> [WHAT IS BEING ASKED]:
Look below for the line that has "2016 Dodge Viper ACR"; output exactly from it through the line that has "Cappello bucket in tessuto washed", and leave the pictures out.

> [INPUT DATA]:
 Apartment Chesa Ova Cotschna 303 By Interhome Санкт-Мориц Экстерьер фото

==

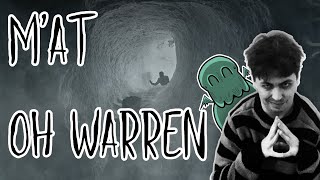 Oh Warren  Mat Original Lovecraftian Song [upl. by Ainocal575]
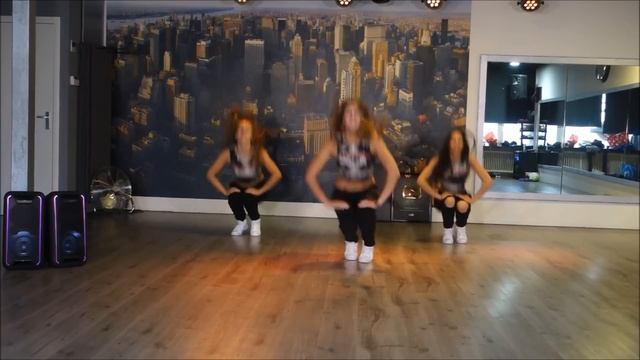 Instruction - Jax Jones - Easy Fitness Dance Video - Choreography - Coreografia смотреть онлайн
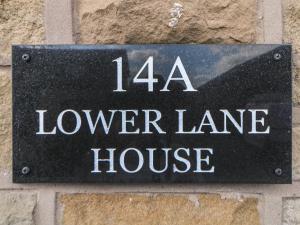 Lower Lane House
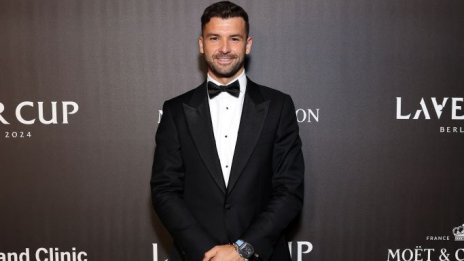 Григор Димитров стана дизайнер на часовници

...

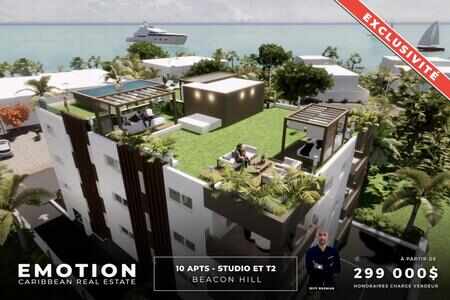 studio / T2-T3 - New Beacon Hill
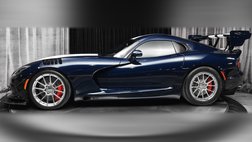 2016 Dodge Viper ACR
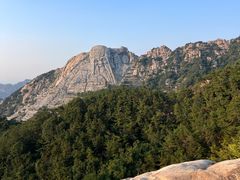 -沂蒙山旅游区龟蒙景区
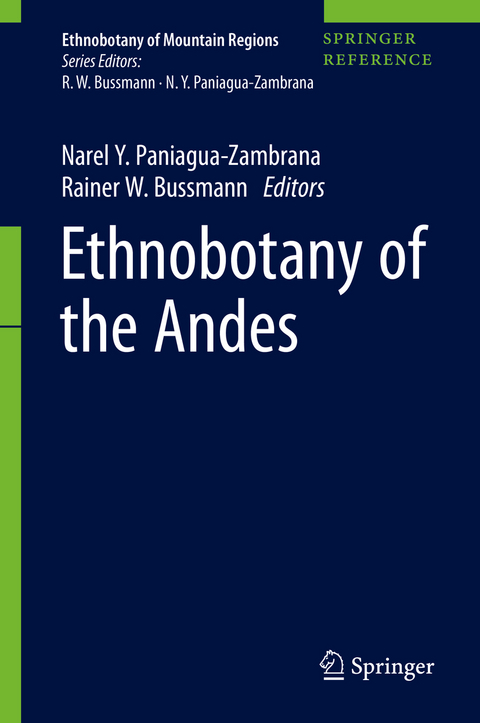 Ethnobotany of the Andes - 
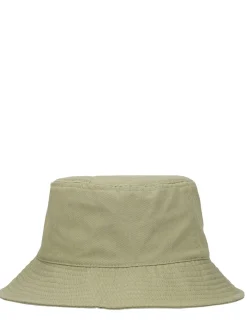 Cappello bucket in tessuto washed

> [PROBLEM SOLUTION]:
 2016 Dodge Viper ACR
 -沂蒙山旅游区龟蒙景区
 Ethnobotany of the Andes - 
 Cappello bucket in tessuto washed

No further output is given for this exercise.